Spectroscopic properties of luminescent platinum(II) complexes containing 4,4′,4″-tri-tert-butyl-2,2′ : 6′,2″-terpyridine (tBu3tpy). Crystal structures of [Pt(tBu3tpy)Cl]ClO4 and [Pt(tBu3tpy){CH2C(O)Me}]ClO4

The 77 K emission spectrum of [Pt(^tBu₃tpy)Cl]ClO₄, 1(ClO₄) (^tBu₃tpy = 4,4′,4″-tri-tert-butyl-2,2′:6′,2″-terpyridine), in a 10^-3 mol dm^-3 MeOH/EtOH glassy solution exhibits a 625 nm band attributed to ^tBu₃tpy π-π interactions, whereas a dilute solution (10^-6 mol dm^-3) shows a vibronic intraligand emission at λ_max 467 nm. By comparing the UV-vis spectra of 1 with the ¹IL-dominated spectrum of [Au(^tBu₃tpy)Cl]²⁺ (4) in CH₃CN, the moderately intense absorption band at λ_max 373-386 nm for the former is ascribed to a ¹MLCT [(5d)Pt → π*(^tBu₃tpy)] transition. The absorption spectrum of 1 contains a weak shoulder at 465 nm (∈ = 57 dm³ mol^-1 cm^-1) which obeys Beer's law in the concentration range 5 × 10^-4 to 1 × 10^-2 mol dm^-3, and a ³MLCT assignment is proposed. Ketonyl platinum(II) complexes [Pt(^tBu₃tpy){CH₂C(O)R}]ClO₄ (R = Me, 2 and R = Ph, 3) have been prepared from 1(ClO₄) in the presence of aqueous NaOH and the corresponding methyl ketone. The molecular structures of 1(ClO₄) and 2(ClO₄)·C₂H₅OH reveal π-stacking orientations for the ^tBu₃tpy ligands with interplanar separations of ca. 3.8 and 3.6 Å, respectively. Complexes 2 and 3 are luminescent in solution at room temperature, and ³MLCT excited states are assigned, while 1 is nonemissive. The superior photophysical properties of 2 and 3 are ascribed to the stronger σ-donating ability of the ketonyl ligands. Like 1, complexes 2 and 3 also display low-energy emission at ca. 620 nm in 10^-3 mol dm^-3 MeOH/EtOH glass at 77 K. Complex 1(ClO₄) is emissive in crystalline form at 77 K only (λ_max 560 nm).
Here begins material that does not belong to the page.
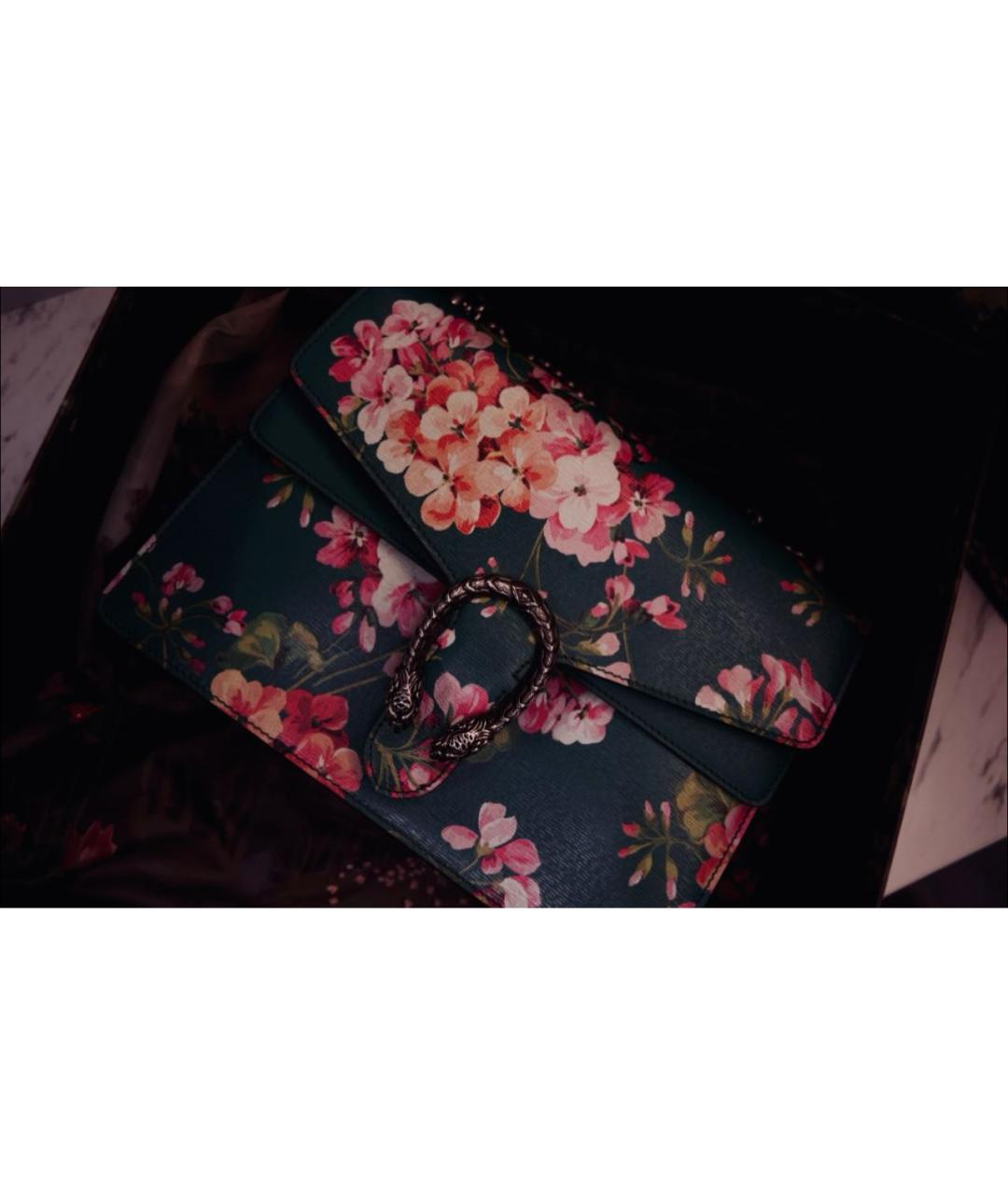 GUCCI Зеленая кожаная сумка через плечо, фото 6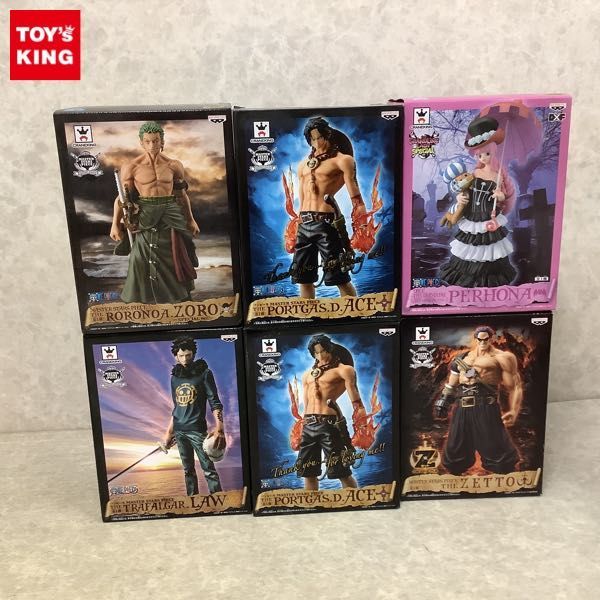 ワンピース MASTER STARS PIECE ゾロ、エース、ロー ワンピース MSP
Solid-state emissions of 2(ClO₄) and 3(ClO₄) at room temperature (λ_max 607 and 615 nm, respectively) are derived from weak stacking interactions between ^tBu₃tpy groups, while their emission maxima are red-shifted at 77 K. © 1999 American Chemical Society.